Regional newspapers were a valuable source of news for many towns and cities in the United States. Many major metropolitan cities across the United States had at least two regional papers. Some larger cities had more. When a city had two regional papers one paper would be more conservative the other a little more liberal. Whatever the case the reader had a choice between two perspectives on the local news.
Corporate media groups have gobbled many regional newspapers across a wide swath of U.S. cities. Technology played a part in the decline of regional newspaper. Photocomposition, also known as cold type, replaced the Linotype press. Many skilled workers were put out of a job. Offset printing, which was lighter and cheaper, eventually replaced the Linotype. These factors combined to increase the bulk market value of newspapers. Heirs to these usually family owned regional newspapers could no longer bear the estate taxes forcing them to sell out to corporate media chains.

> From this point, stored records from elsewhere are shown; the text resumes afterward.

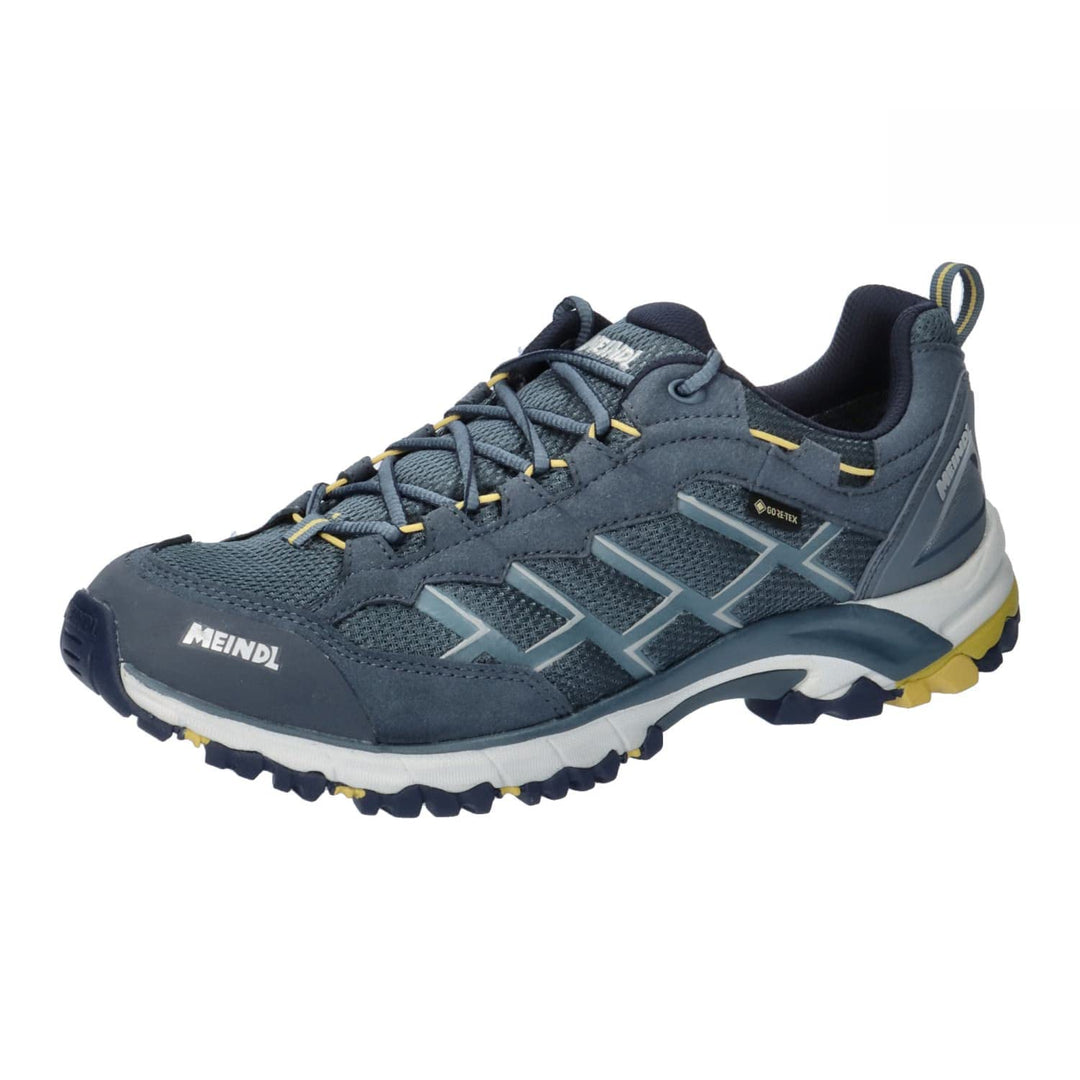 Meindl Herren Caribe GTX Jeans Mais Wanderschuhe 41.5 EU Blau, 41.5 EU Blau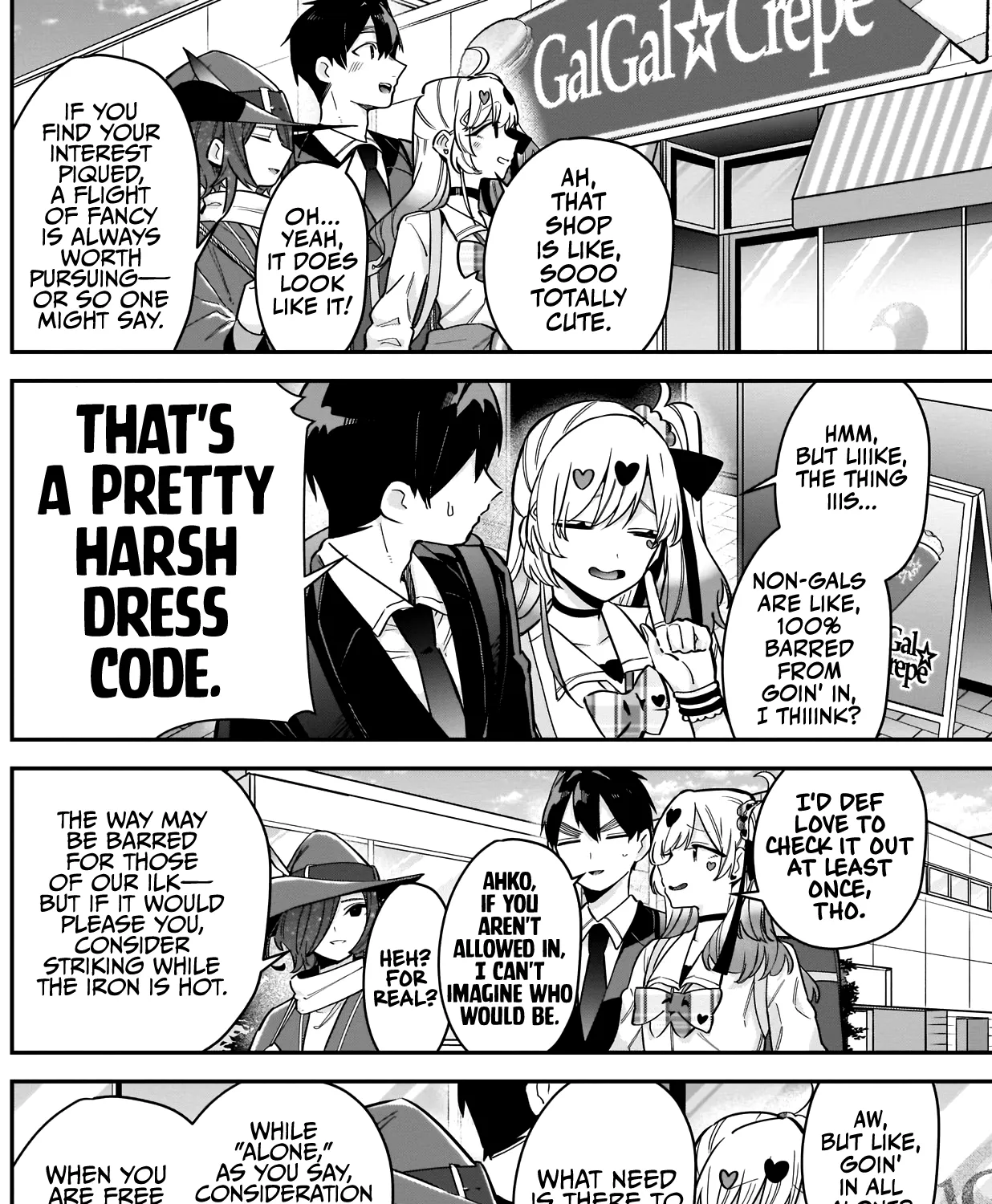 The 100 Girlfriends Who Really, Really, Really, Really, Really Love You Zinmanga X Chapter 111 Page 4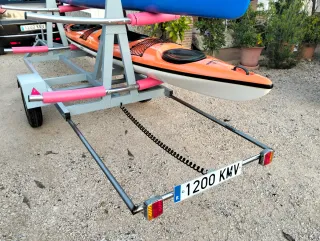 Kayak Aquarius Naranja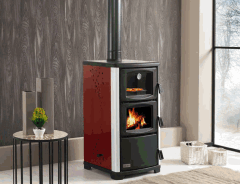 DK-25 KATI YAKITLI KAT KALORİFER SOBASI daiwa bursadan soba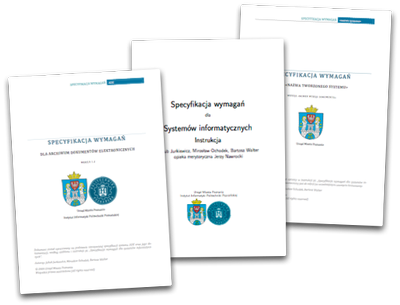 guideliness for developing srs - a set of documents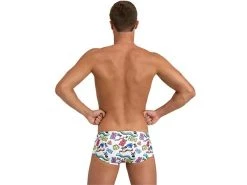 Arena Crazy Gummy Low Waist Badehose - 3 White/multi -Arena Online Arena20Crazy20Gummy20Low20Waist20Badehose 4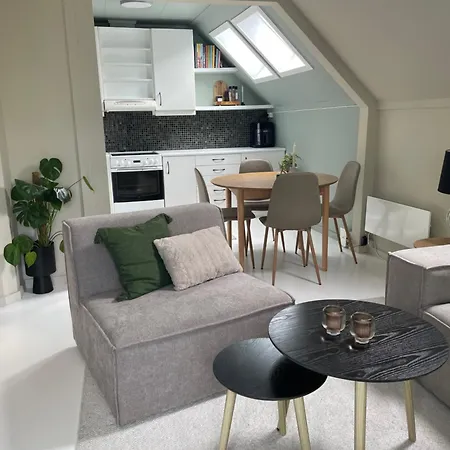With Free Parking 350 M From The Center Of Apartamento Ålesund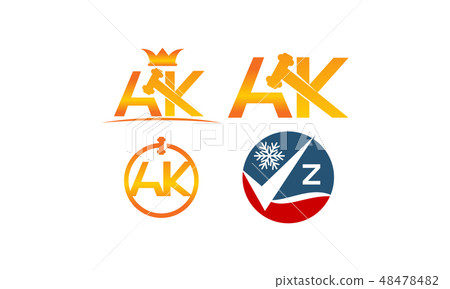 Logo Vector Template Set Logo Vector Template Set 48478482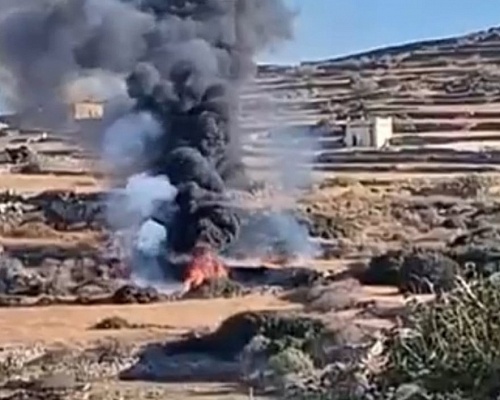 Τραγωδία στη Σίφνο: 3 οι νεκροί από τη συντριβή ιδιωτικού ελικοπτέρου (BINTEO)
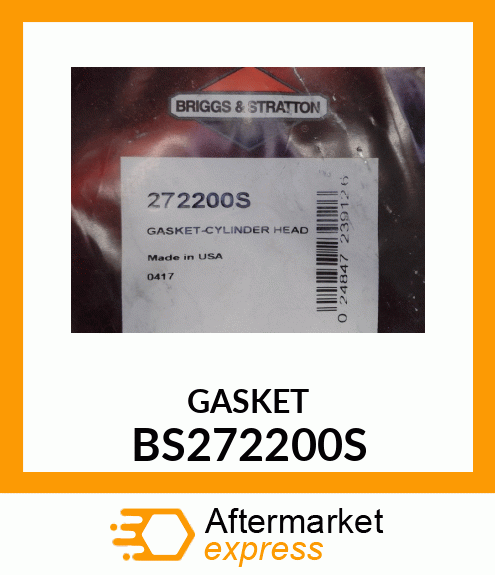 GASKET BS272200S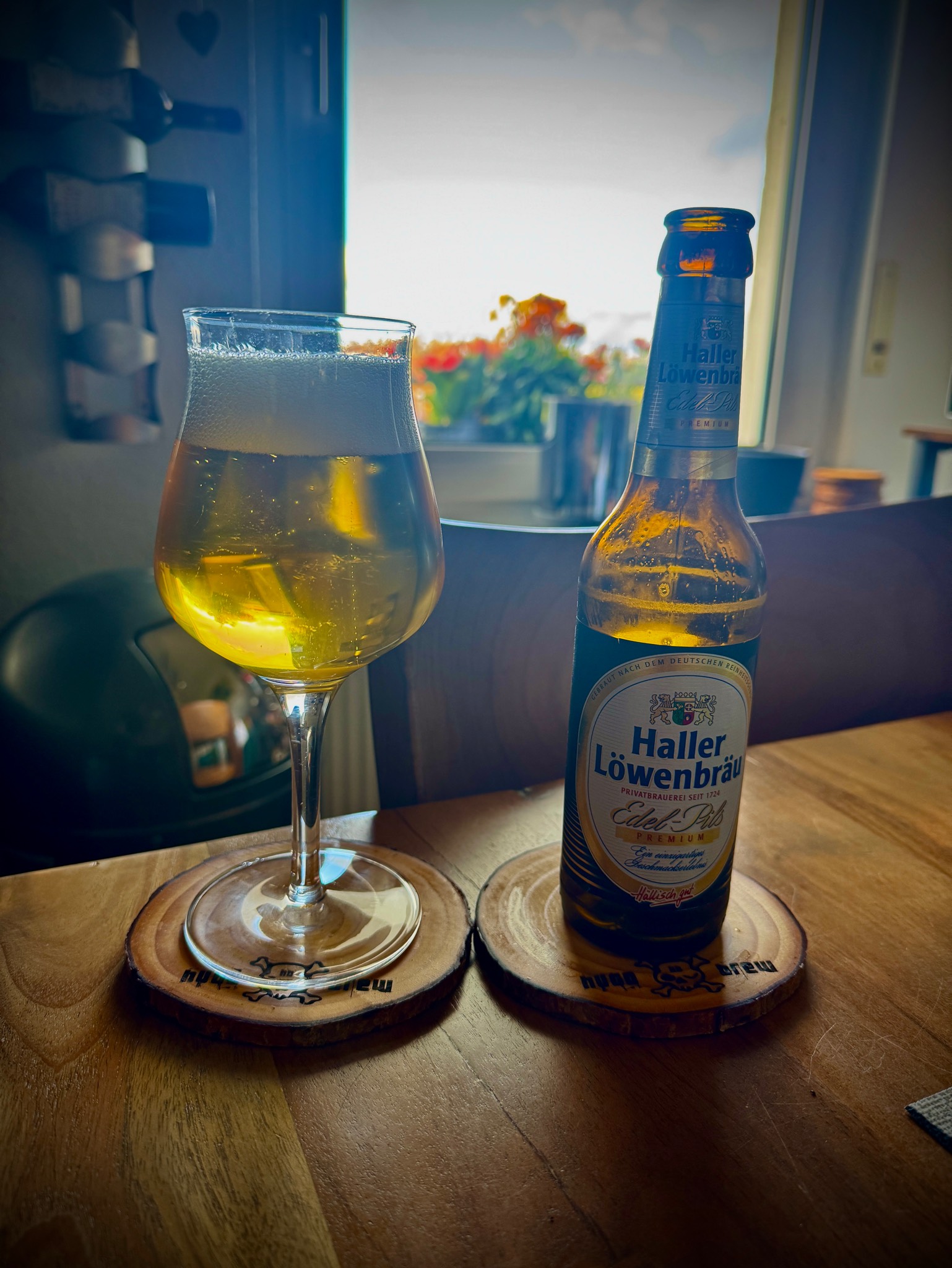 Edel-Pils, Haller Löwenbräu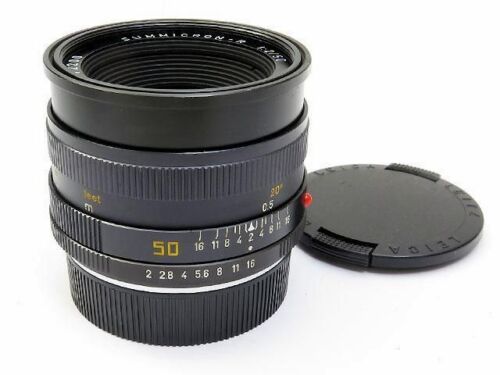 Leica Summicron-R 50mm F2 Standard Prime Linse Leitz Canada Exzellent aus Japan - Bild 1 von 5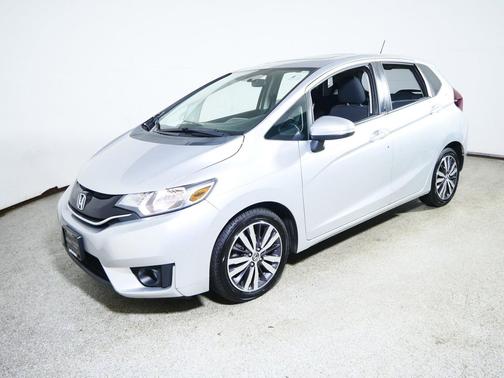 Alabaster Silver Metallic 2015 Honda Fit EX
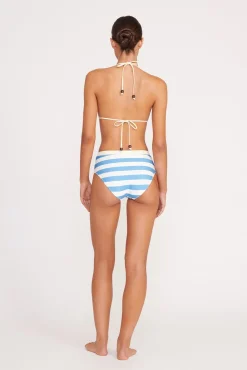 Bikinis<STAUD ALEXIS TRIANGLE TOP  BUTTERCUP SEASHORE STRIPE BUTTERCUPSEASHORESTRIPE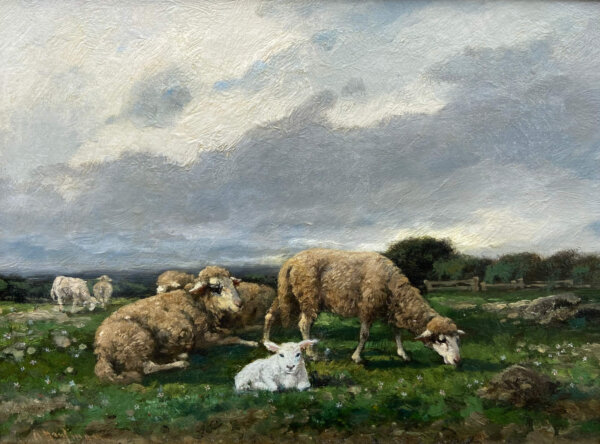 Adolf Kaufmann, Das weiße Lamm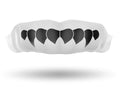 Fangs :: Black/White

Family owned regional newspapers were quickly turned into public stock that was in turn were sold to large chains such as Gannet and Knight-Ridder.
Regional newspapers were no longer a public service, now the emphasis was on profit. The larger newspaper chains had political interests. The news was now lensed through politics. Political pressure created sanitized news. Any political opposition was quickly forced to the back pages or ignored completely.
The advent of the Internet forced further consolidation of corporate media. Newsroom staff member jobs were cut.
On the other hand the Internet has brought us independent bloggers and niche Internet radio that can bring us the important issues we face something the lamestream doesn’t want to talk about.
“That kind of news is available only in the local paper. It’s not the type of journalism that topples governments or uncovers the latest celebrity scandal, but the role of the local newspaper is arguably just as important.”